* Task to carry out *
Where the entries below show "28-Detached Garage.jpg", begin there and print that line and all following lines exactly, through the last, omitting pictures.

* Data records *

____________

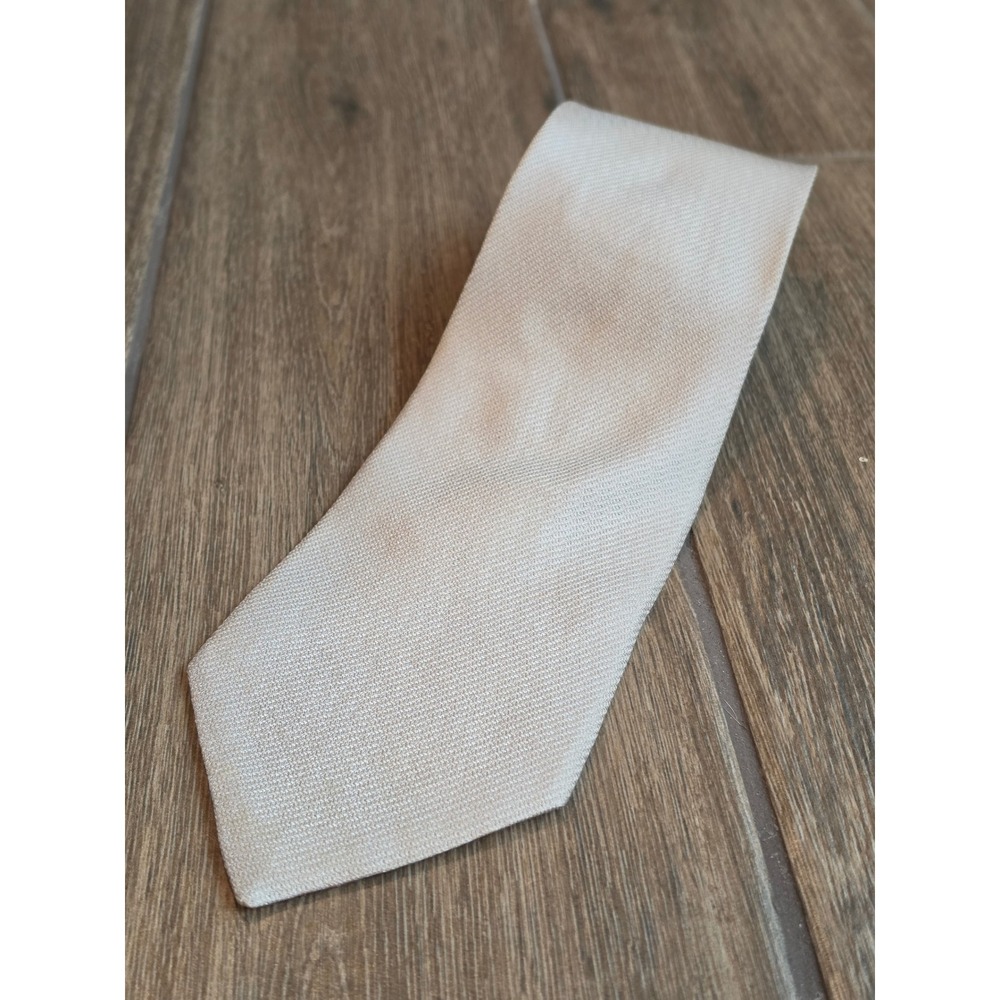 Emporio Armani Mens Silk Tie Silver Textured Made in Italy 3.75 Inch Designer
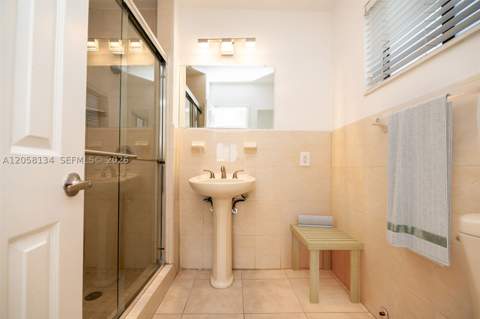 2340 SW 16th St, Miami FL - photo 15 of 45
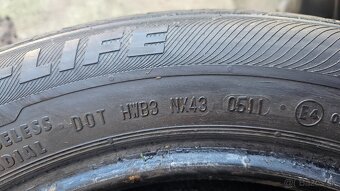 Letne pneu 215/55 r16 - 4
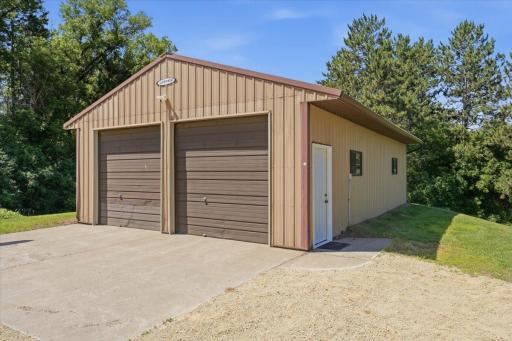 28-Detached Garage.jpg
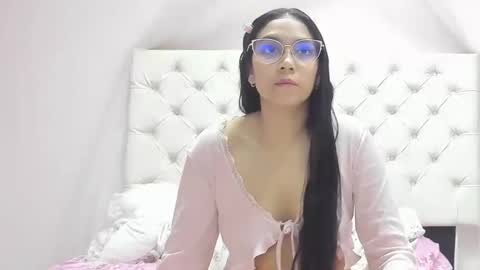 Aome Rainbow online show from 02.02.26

____________

* Answer area *
 28-Detached Garage.jpg
 Aome Rainbow online show from 02.02.26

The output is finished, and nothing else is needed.